On January 29, 2025, Curbelo was drafted 5th overall in the Baloncesto Superior Nacional by the Piratas de Quebradillas. That pick would later be sent to the Atléticos de San Germán. Curbelo won the BSN Rookie of the year that season. He averaged 12.6 points, 5.9 assists, 4.3 rebounds, and 1.4 steals over 34 games.

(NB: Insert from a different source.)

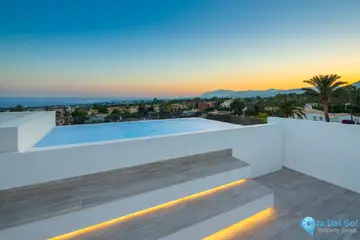 5 bedroom House for Sale in Marbella-57274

===Second Stint with the Atléticos de San Germán (2026)===

He returned to the team for the 2026 season. On April 1, 2026, he had a season high 39 points against the Mets de Guaynabo. On May 15, 2026, Curbelo was selected as a starter for the 2026 BSN All-Star Game alongside teammates Montrezl Harrell and Nick Perkins. On May 22, 2026, Curbelo had his first triple-double of the season, scoring 19 points, 11 rebounds, and 10 assists against the Leones de Ponce. On June 6, 2026, Curbelo had yet again another triple-double, scoring 27 points, 10 rebounds, & 10 assists in a very close win 103-99 against the Capitanes de Arecibo. After the end of the regular season, Curbelo won the 2026 BSN Most Improved Player award and was the runner up for the BSN Most Valuable Player to Travis Trice.

==Personal life==
Curbelo's father, Joel, played professional basketball for 18 years and represented Puerto Rico at the 1996 Summer Olympics. His mother, Joann Rodríguez, played for the Puerto Rico women's national handball team. Curbelo's aunt played basketball for the Puerto Rico women's national team.